Oldenburg - Durch Vernachlässigung und Nahrungsentzug sind minderjährige Bewohner des Gertrudenheims während des Naziregimes offenbar gezielt getötet worden. Zu diesem Ergebnis kommt Hanna Tilgner in ihrer Bachelorarbeit „Pflege im Nationalsozialismus: Sterblichkeit im Gertrudenheim Kloster Blankenburg in Oldenburg in den Jahren 1937-41“.
Durch gründliche Recherche und Auswertung statistischen Materials habe die 25-jährige Studentin der Sonderpädagogik eine Forschungslücke geschlossen, sagte der Medizinhistoriker Ingo Harms von der Universität Oldenburg am Mittwoch bei der Vorstellung der Studie.
Zwar sei zu vermuten gewesen, dass die Lebensbedingungen im Gertrudenheim mit denen der Heil- und Pflegeanstalt Wehnen, wo Krankenmord, Zwangssterilisation und Kinder-Euthanasie zahllose Opfer forderten, vergleichbar waren. Bisher habe aber kein eindeutiger Nachweis geführt werden können.
Für ihre Studie wertete die Studentin mehrere hundert Patientenakten aus. Diese Akten, die inzwischen im Staatsarchiv lagern, hatte Ingo Harms vor einigen Jahren im Keller des Gertrudenheims an der Friesenstraße entdeckt.

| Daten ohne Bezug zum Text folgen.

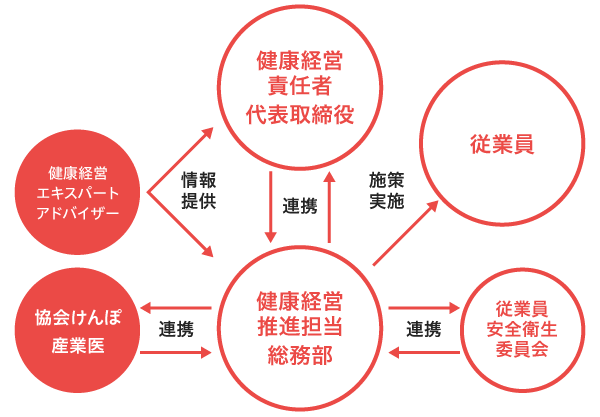 シナノの健康経営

Die im 19. Jahrhundert gegründete Einrichtung für geistig behinderte Menschen war 1937 ins Kloster Blankenburg verlegt worden, weil NS-Organisationen das Gebäude an der Friesenstraße selbst nutzen wollten. Letztlich zog dort der für den Absatz landwirtschaftlicher Produkte zuständige Reichsnährstand ein.
Im Kloster Blankenburg bezog das Gertrudenheim (Träger war damals der Landesfürsorgeverband, heute ist es der Bezirksverband Oldenburg) die Räume der zuvor nach Wehnen verlegten „Bewahr- und Pflegeanstalt“. In dem für 200 Patienten ausgelegten Gebäude „lebten im Durchschnitt 290 Menschen, überwiegend waren es Kinder und Jugendliche“, berichtete Hanna Tilgner.

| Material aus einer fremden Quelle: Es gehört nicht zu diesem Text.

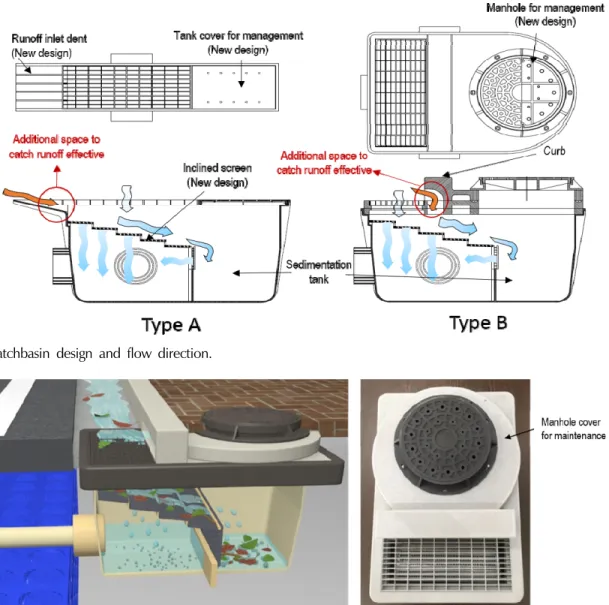 Fig. 3. 3D image for invented catchbasin (Type B).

Auch Jüngere mussten in der Landwirtschaft arbeiten. Betreut wurden die Bewohner von wenigen Diakonen und Diakonissen. Zeitweise kümmerte sich ein Betreuer um bis zu 20 Patienten.
Bereits im Sommer 1936, also Jahre vor der NS-Euthanasie, ordnete Carl Ballin (Regierungsrat im Innenministerium und Vorstand des Landesfürsorgeverbandes) massive Einsparungen bei der Verpflegung der Bewohner an. Das eingesparte Geld wurde laut Harms für kulturelle Zwecke (u.a. fürs Museumsdorf Cloppenburg) verwendet.
Hanna Tilgner kann in ihrer Untersuchung den Tod von 106 Heimbewohnern nachweisen. Diese Menschen seien zum Teil anonym auf dem Gelände beerdigt worden. 1941, nach der zwischenzeitlichen Schließung des Heims, wurde auf dem Friedhof ein Kesselhaus gebaut.